GARY | Indiana University Northwest recently appointed Charles Gallmeier, Ph.D., as Chancellor’s Professor, a special academic title conferred on senior faculty members who demonstrate “highly meritorious performance in all areas of faculty work: teaching, research or creative activity, and service.”
Gallmeier, Professor of Sociology, will begin his appointment on January 1. The honor of Chancellor’s Professor is a title that remains with recipients throughout their careers at IU Northwest.
“Chuck’s career and commitment to IU Northwest clearly place him in the exclusive company that the titled rank of Chancellor’s Professor defines and set a challenging standard for future nominees,” Chancellor William J. Lowe said.
Lowe said that the requirements of the Chancellor’s Professor program are, appropriately, demanding and intended to identify and recognize faculty colleagues whose consistently outstanding contributions as teacher-scholars and active campus and professional citizens set them apart, even in the company of a very accomplished faculty.
“The criteria call for nothing less than faculty members who contribute in concrete, demonstrable ways to the development of IU Northwest as an academic community of exceptional quality and integrity, as well as their disciplines, through the creation and application of knowledge,” Lowe said.
The search committee charged with naming the Chancellor’s Professor received detailed letters of support, each citing their professional and personal interactions with Gallmeier over his 20-plus years of service with IU Northwest.
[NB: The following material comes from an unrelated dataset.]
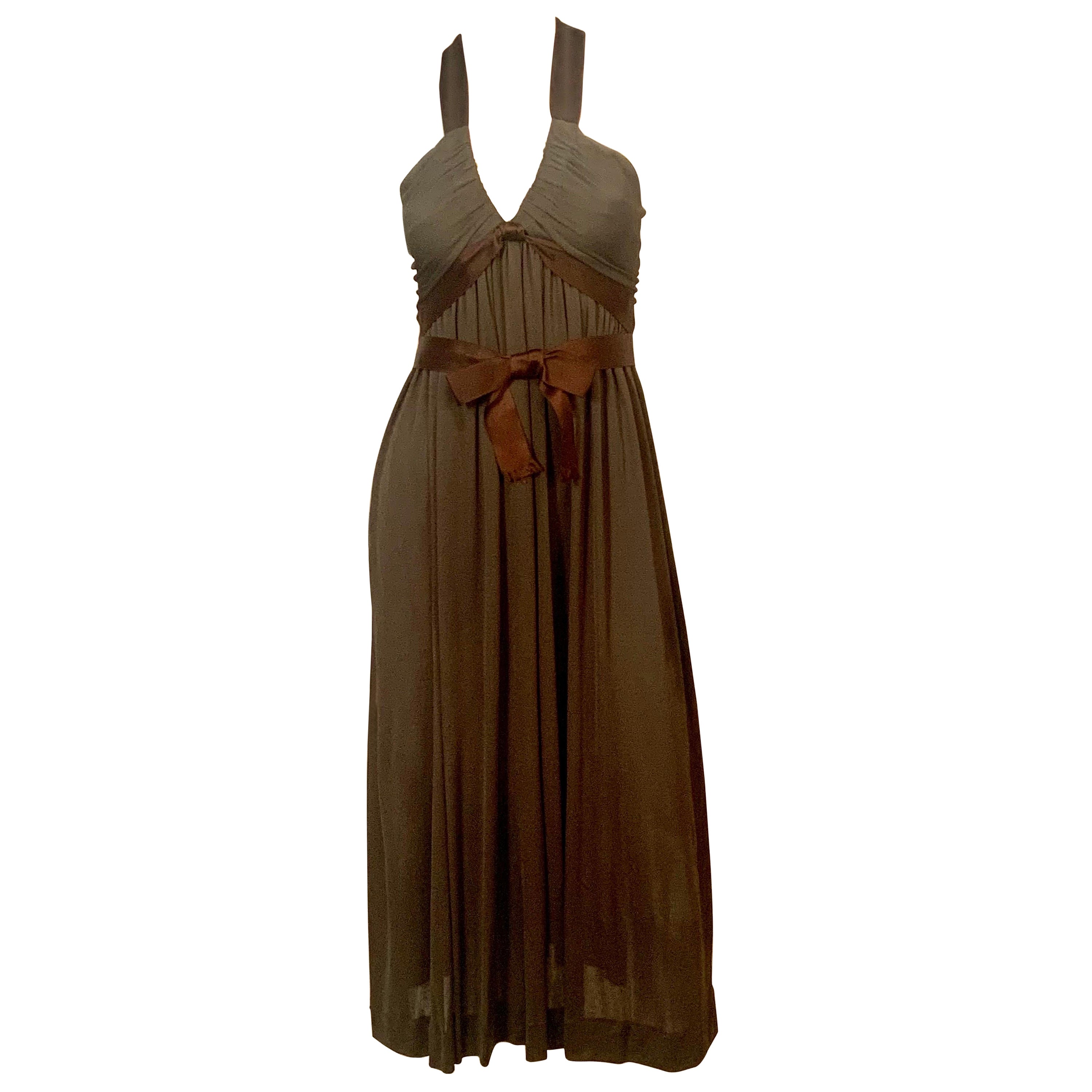 Vestido de punto marrón oscuro con corte bajo Donald Brooks de los años 70, fajín y cabestro de raso en venta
Gallmeier was hired as an adjunct faculty member in 1991 and then as a visiting assistant professor of sociology about a year later, an appointment that eventually led to a tenure-track position as an assistant professor of sociology, beginning in 1993. His published work has appeared in nine academic journals. He has received 12 campus-wide, university-wide, and discipline-wide teaching awards. His respected scholarship includes 75 items in total, including 22 articles, eight book reviews, several works in progress and hundreds of presentations. Over his career, he has received five awards for his service.
Gallmeier is a leader in the Indiana University Faculty Colloquium on Excellence in Teaching and he continues to serve as the elected President of the IU Northwest Faculty Organization.
Colleagues have called him the “best teacher at IU Northwest,” and the “most visible face representing the faculty of IU Northwest.” Among other things, he is admired for his command of the classroom and his rapport with students.
John Applegate, IU’s Executive Vice President for University Academic Affairs, described Gallmeier as an “other-centered person” who is more committed to helping the institution than advancing himself.
“He is a person of real integrity and superb academic values,” Applegate wrote is his letter of support. “He is absolutely committed to the kind of excellent, lifetime education that Indiana University stands for, and he constantly seeks to advance it in every setting I’ve seen . . . Fundamentally, Chuck is an institution-builder. He wants to make the place where he works better than when he left it.”
Gallmeier said he is delighted with the honor.
"I’m just so proud,” he said. “I’m in such good company. It’s an honor to be recognized by people that I have so much respect for.”
In reflecting on his humble beginnings, his academic career and his many honors, Gallmeier can’t help but look to his students and recognize that the same can be achieved by any one of them.
"I love IU Northwest,” Gallmeier said. “I think a lot of that has to do with the fact that I am a first-generation college student and I am a product of the IU regional college system. I earned my bachelor’s degree at Indiana University-Purdue University Fort Wayne. Frankly, when I look at my classroom, I see me. I see people who can do this, people who can have a career and garner this kind of honor and recognition.”
The Chancellor’s Professor program began in January 2013, with the first appointments of George Bodmer, Ph.D., Chancellor’s Professor of English, and David Klamen, Chancellor’s Professor of Fine Arts.